▶ _TASK REQUIREMENTS_:
For the material below, reproduce exactly each line from the one that has "Tutorial 6: Bond" through the one that has "Camicia a maniche", and no others; pictures stay out.

(Beginning of SUPPLIED INFORMATION)

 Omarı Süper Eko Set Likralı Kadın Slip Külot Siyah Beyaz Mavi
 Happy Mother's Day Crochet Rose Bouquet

(End of SUPPLIED INFORMATION)
(Beginning of SUPPLIED INFORMATION)

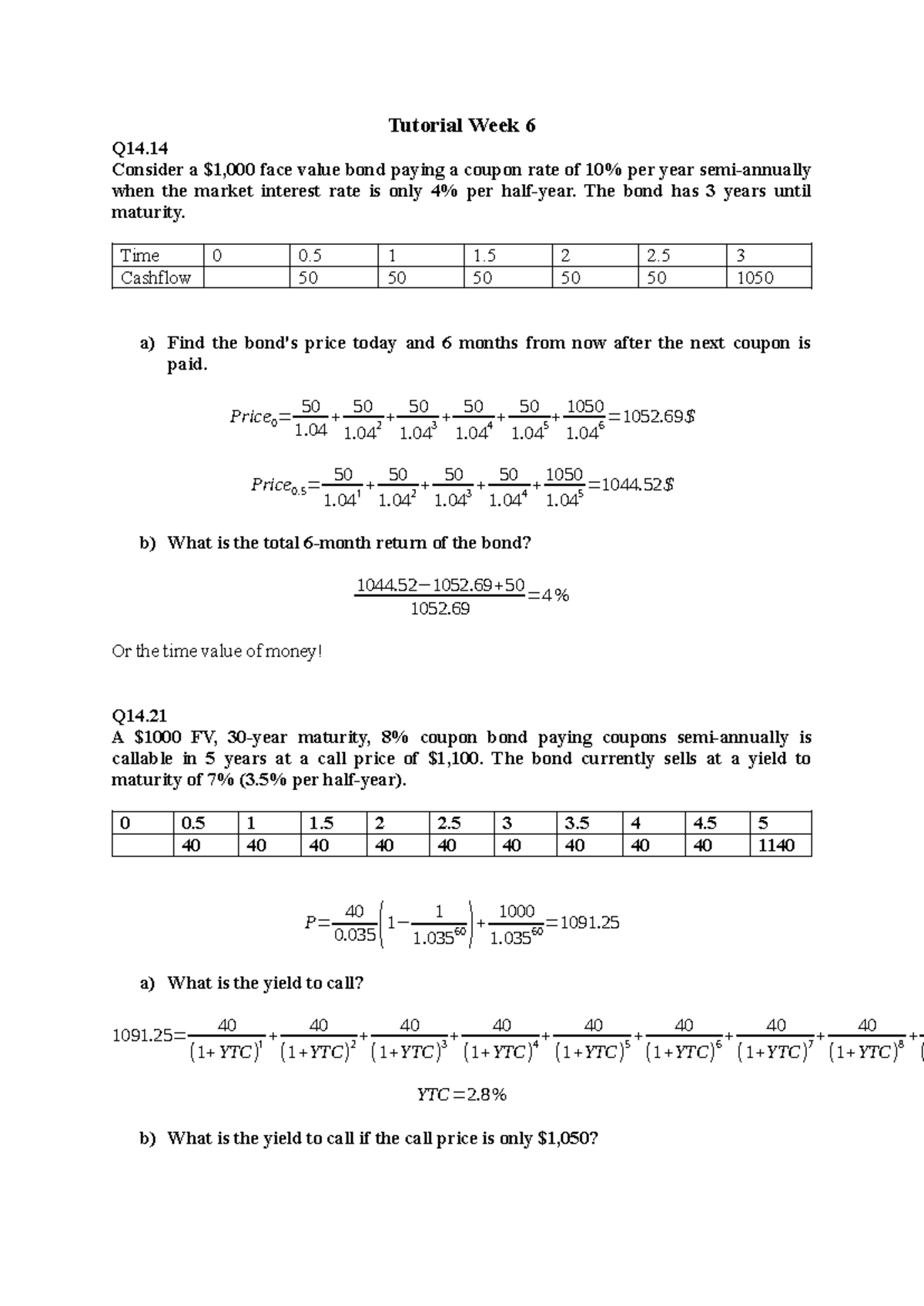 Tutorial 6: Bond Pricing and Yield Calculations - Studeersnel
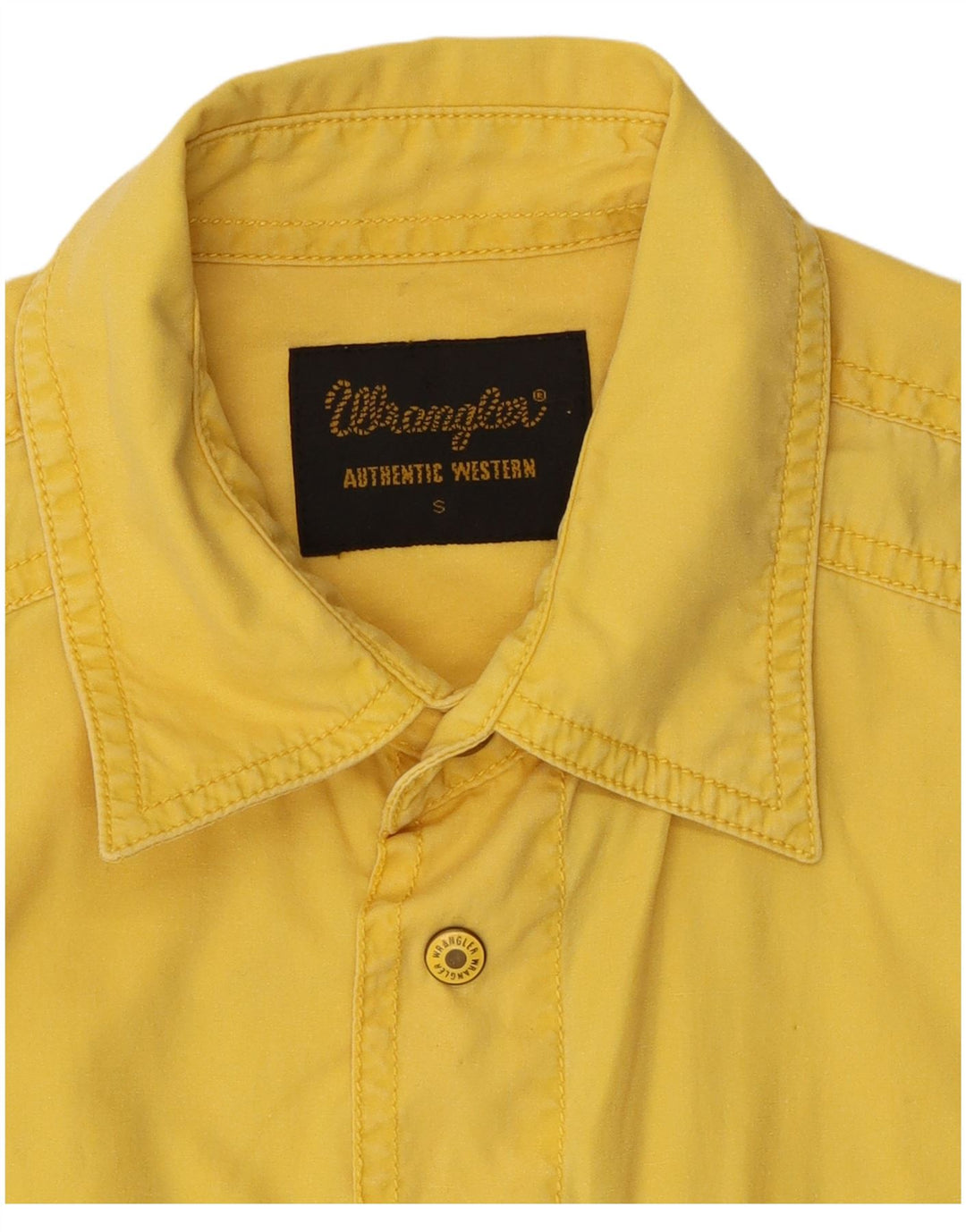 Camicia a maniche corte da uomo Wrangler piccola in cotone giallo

(End of SUPPLIED INFORMATION)

▶ _WRITTEN SOLUTION_:
 Tutorial 6: Bond Pricing and Yield Calculations - Studeersnel
 Camicia a maniche corte da uomo Wrangler piccola in cotone giallo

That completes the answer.